According to a consultant for the Pontifical Commission and one of the event’s organizers, the conference’s goal is to “show that the Church has to engage and commit in the protection of minors and other vulnerable people in any place or region of the world.”

Fr. Hans Zollner, SJ, the Director of the Institute of Anthropology and the “Safeguarding Institute” at the Pontifical Gregorian University, spoke to Vatican News about the Warsaw conference.

Special regional history

The Jesuit priest expressed his satisfaction that the Church in Central and Eastern Europe is hosting a major conference on safeguarding.

The region, he said, “has a special history, since the Churches there have been under siege for decades under the reign of communism, and there has certainly been some difficulties there in dealing openly with criticism, with wrongdoing, and with handling cases of abuse.”

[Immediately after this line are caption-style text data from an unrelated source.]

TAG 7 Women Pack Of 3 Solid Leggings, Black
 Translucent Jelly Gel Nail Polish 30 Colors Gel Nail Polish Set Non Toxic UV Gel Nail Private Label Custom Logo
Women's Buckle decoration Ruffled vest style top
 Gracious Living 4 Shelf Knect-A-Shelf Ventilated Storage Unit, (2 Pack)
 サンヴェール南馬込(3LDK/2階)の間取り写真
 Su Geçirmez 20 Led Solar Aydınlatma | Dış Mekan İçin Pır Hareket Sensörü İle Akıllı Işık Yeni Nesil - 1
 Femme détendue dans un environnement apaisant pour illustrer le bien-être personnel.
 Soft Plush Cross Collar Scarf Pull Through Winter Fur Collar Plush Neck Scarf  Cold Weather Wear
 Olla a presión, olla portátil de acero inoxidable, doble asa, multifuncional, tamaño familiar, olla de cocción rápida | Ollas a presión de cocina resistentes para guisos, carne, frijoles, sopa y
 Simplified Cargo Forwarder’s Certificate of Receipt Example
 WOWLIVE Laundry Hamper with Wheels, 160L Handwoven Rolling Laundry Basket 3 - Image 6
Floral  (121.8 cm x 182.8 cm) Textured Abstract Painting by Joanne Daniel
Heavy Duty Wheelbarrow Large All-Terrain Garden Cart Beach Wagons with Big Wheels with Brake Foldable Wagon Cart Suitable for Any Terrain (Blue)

Listen to the full interview

Difficult topic to talk about

Fr. Zollner admitted that the topic of sexuality is one that many people in cultures throughout the world have difficulty discussing openly, even with close family members.

“People don’t feel very comfortable speaking about sexuality,” he said, “let alone sexual misbehavior, and let alone sexual misbehavior of authority figures like priests, religious, and other people within the Church.”

Central and Eastern Europe is not different in that regard, he added.

However, the region’s history sets an additional dampener on people’s ability to speak about and report abuse.

“The communists were certainly spying on people, and the Church was a stronghold of freedom,” said Fr. Zollner. “But, you could retain that freedom only if you didn’t really trust the authorities and law enforcement.”

Mistrust of the state

People who grew up in the Eastern Bloc knew they were “the enemy to the government and law enforcement”.

The justice system was not independent, and the media was inclined to enhance any stories about allegations of misconduct in the Church.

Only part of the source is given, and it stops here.